- **What you are asked to do**: The data that follows must be transcribed in full and exactly, minus the pictures.

- **Collected material**:
============================================================

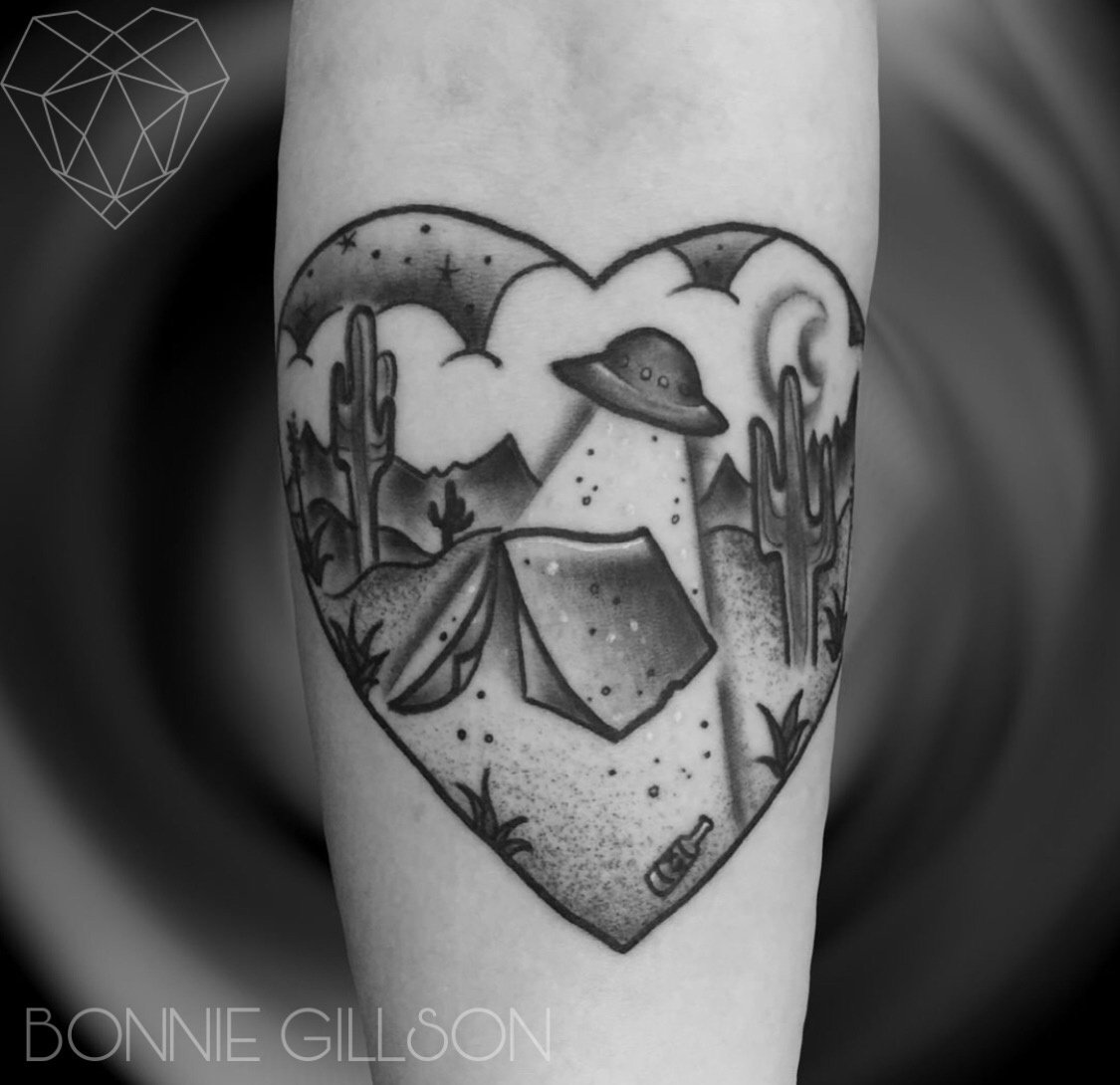 aliens tattoo Bonnie Gillson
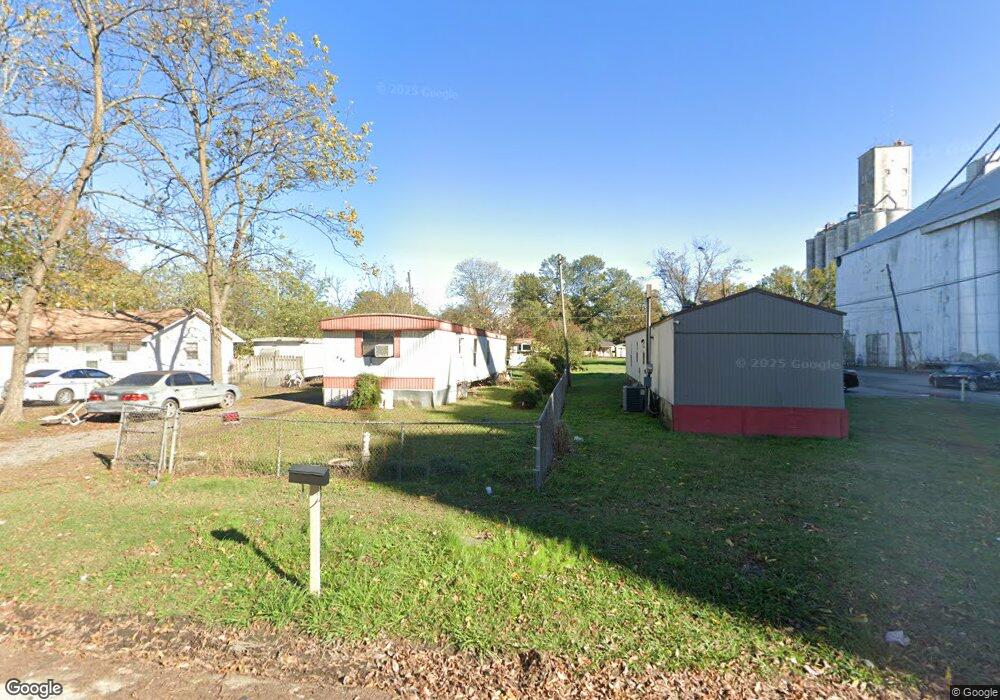 404 N Lowe St, Stuttgart, AR 72160 - photo 1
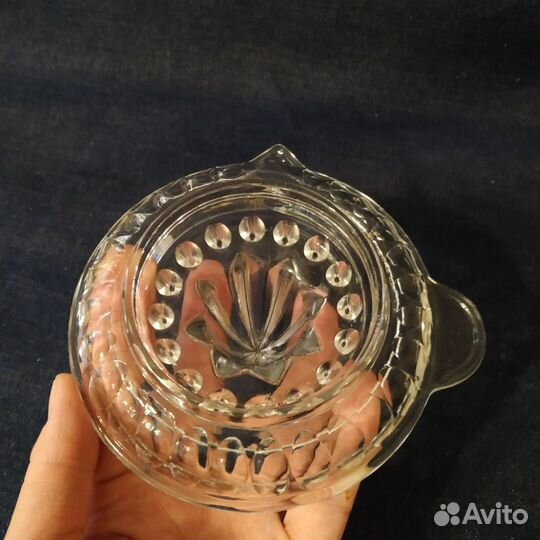 Соковыжималка для цитрусовых стеклянная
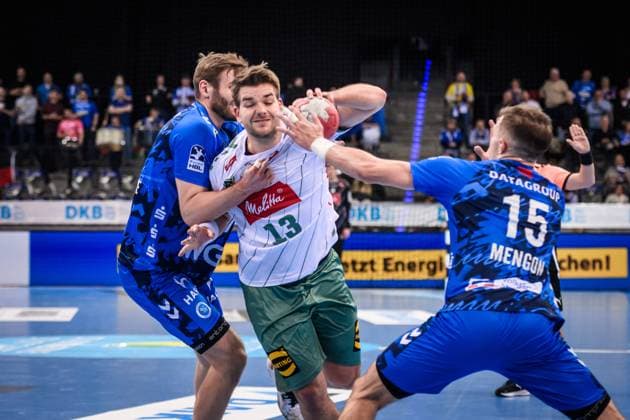 Ian Weber (TSV GWD Minden, 13) vs. Samuel Roethlisberger (TVB Stuttgart, 17), li und Simone Mengon (TVB Stuttgart, 15), re. GER, TVB 1898 Stuttgart - TSV GWD Minden, DAIKIN HBL, Handball, Bundesliga, 13. Spieltag, Spielzeit 2025 2026, 20.11.2025 GER, TVB 1898 Stuttgart - TSV GWD Minden, DAIKIN HBL, Handball, Bundesliga, 13. Spieltag, Spielzeit 2025 2026, 20.11.2025 Stuttgart Copyright: xSandyxDinkelackerx EP_SDR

============================================================

- **Task output**:
 aliens tattoo Bonnie Gillson
 404 N Lowe St, Stuttgart, AR 72160 - photo 1
 Соковыжималка для цитрусовых стеклянная
 Ian Weber (TSV GWD Minden, 13) vs. Samuel Roethlisberger (TVB Stuttgart, 17), li und Simone Mengon (TVB Stuttgart, 15), re. GER, TVB 1898 Stuttgart - TSV GWD Minden, DAIKIN HBL, Handball, Bundesliga, 13. Spieltag, Spielzeit 2025 2026, 20.11.2025 GER, TVB 1898 Stuttgart - TSV GWD Minden, DAIKIN HBL, Handball, Bundesliga, 13. Spieltag, Spielzeit 2025 2026, 20.11.2025 Stuttgart Copyright: xSandyxDinkelackerx EP_SDR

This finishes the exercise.